There is a ‘clash of civilizations’ that is yet to be resolved, but Huntington was wrong about which ones they were. It is not ‘Western Civilization’ against that of other lands, as Gandhi’s opponents in South Africa thought. It is what Martin Luther King called a “thing-oriented” civilization and a “person-oriented” one that is at heart of the “great turning.” It iis a struggle to liberate all of us from the humiliating image of the human being, one that’s sustained by the endless propaganda of our powerful mass media, and replace it with something more ennobling, and far more accurate.

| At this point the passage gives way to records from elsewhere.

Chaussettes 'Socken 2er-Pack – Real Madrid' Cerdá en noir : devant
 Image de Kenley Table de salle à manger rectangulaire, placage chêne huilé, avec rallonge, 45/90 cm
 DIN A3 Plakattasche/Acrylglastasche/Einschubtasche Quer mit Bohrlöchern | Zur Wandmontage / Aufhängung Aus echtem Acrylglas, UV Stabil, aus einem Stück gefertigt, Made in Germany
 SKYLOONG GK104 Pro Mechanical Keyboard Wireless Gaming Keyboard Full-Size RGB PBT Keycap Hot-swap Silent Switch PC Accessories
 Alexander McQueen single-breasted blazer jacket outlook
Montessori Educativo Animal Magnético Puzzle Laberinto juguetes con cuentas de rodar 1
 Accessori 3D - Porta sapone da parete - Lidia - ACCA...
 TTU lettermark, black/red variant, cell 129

Nonviolence as “Counter Instance.”
Gandhi insisted that nonviolence is a science, and he seized upon such glimpses of a higher truth as could be wrung out of the science of his day, for example the experiments of N.K. Bose showing that plants have a kind of consciousness. Imagine how much he would have made — and we can now make — of science today. Science is dramatically breaking free from the reductionist mold that gave it intoxicating successes in the “control” of nature (she seems to be kicking back) but prevented it from realizing how dangerous that control was in the hands of painfully immature people (Martin Luther King: “we have guided missiles and misguided men”). Quantum physics, neuroscience, evolution and the life sciences, psychology, games theory and other areas: all are saying that we are all more intimately and undeniably interconnected than we had imagined (though some of us have always intuited); that cooperation has trumped competition throughout the history of life, that we humans gain far more satisfaction from states of empathy and what is called altruism than we do from “winning” over others — that life has a deep, as yet unfulfilled meaning, even to search for which raises us to some degree from depression and despair.
This new bent in science (see Tikkun for November/December of 2010) has brought science back in line with the wisdom tradition that threads its way through nearly all human cultures down the ages. The quantum theory of matter/energy, that is, of the outside world, takes its place alongside a parallel theory of mind, that is of the inner world, that was known as channika vada or the ‘doctrine of momentariness’ when it was elaborated by Buddhist scholars from earlier hints in the Vedantic tradition — and from their own experiences in meditation. In other words, thoughts are as discontinuous as things — the apparent multiplicity we experience in both the inner and outer worlds is at base equally unreal. The quantum nature of the outer world was discovered at the turn of the twentieth century, of the inner world perhaps five thousand years ago in India. The union of these two great visions is poised to happen now, and that could be an incredible breakthrough for a humanity struggling more urgently than ever before to realize the great dream that all life is one.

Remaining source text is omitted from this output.